The owner of Toast, the small but popular new restaurant in the burgeoning FoPo (Foster-Powell) neighborhood, pauses in mid-sentence. "Well, it depends if I'm making pancakes, syrups, or scones or muffins."

To find out what Donald does with which berries and to get his recipes, you'll have to read "Berry Flair," my article in today's FoodDay section of the Oregonian.


Josh said...

Ahhh, what a nice problem we have here in Portland, we have so many berries to choose from, it's hard to pick a favorite!
While on a garden tour a few weeks ago I noticed that a resident had what he called 'service berries' (Amelanchier arborea) planted. They look a little like big blueberries and are usually native to places like British Columbia. Have you heard of these? If so, is anyone local doing anything with them (ie: cooking/baking/etc.)?

kab said...

You know, I haven't heard of anyone using it, but I'll ask some of my farmer contacts (that means you, Anthony) and let you know if I find anything. In the meantime, there's quite an in-depth entry on the Amelanchier on Wikipedia.

kab said...

And from the erudite Mr.
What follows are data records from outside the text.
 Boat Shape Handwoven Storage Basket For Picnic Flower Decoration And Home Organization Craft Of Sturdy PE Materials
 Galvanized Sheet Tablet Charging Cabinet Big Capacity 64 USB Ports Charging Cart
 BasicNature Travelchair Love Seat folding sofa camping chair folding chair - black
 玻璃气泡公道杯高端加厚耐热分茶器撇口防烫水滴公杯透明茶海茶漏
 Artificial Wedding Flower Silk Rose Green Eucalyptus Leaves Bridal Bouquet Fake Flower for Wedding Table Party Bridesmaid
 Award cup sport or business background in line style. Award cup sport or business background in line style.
Boutard (of Ayers Creek Farm in Gaston and author of GSNW's "Farm Bulletin" reports) comes this:

"There are many species of Amelanchier in the U.S. In New England, it is called 'shad bush' or 'shad blow' because it flowers as the shad run. The distribution of A. alnifolia, our native species, runs from Alaska to the Andes. The fruits are rather dry, and would find little favor with people in search of 'luscious.' They are called 'saskatoons.' I had thought about picking some a couple weeks ago to bolster our fruit supply, but the waxwings relieved me of the task. I believe the fruits used to be ground into cakes that were a bit like pemmican. I think they are best left for wildlife. The trees in bloom are beautiful. The wood is very dense and hard, used in the past for levers and such."

Lonster said...

I love Toast and loved your article showcasing Donald, however, I must clarify that Toast is in the Woodstock Neighborhood !
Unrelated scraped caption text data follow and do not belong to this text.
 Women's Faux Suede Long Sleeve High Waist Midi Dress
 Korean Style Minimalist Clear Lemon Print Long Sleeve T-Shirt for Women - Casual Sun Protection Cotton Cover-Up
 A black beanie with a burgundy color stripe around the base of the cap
Our North boarder is Holgate.
East Border is SE 60th.
West Border is SE 39th Ave.
The South Border jogs into an L, but goes to Crystal Springs along 39th. (FYI) :)

We are so lucky to have a great community supporter (awesome food and friendly staff)like Donald and Toast in our hood !!!

kab said...

Thanks for the clarification on the official neighborhood designation. I realize "FoPo" is a cutesy, commercial designation, but I couldn't resist. (For the record, Donald thinks it's silly, too!)

But you're right, he's a great guy, another one of those people doing the right thing for the right reasons. It was a privilege to give him some well-deserved press.

kab said...

I also contacted the Oregonian's Hungry Gardener columnist, Vern Nelson, who grows three varieties of serviceberries, and he said that a good place to buy the plants (if you want to grow your own) is Forest Farm Nursery in Williams, Oregon.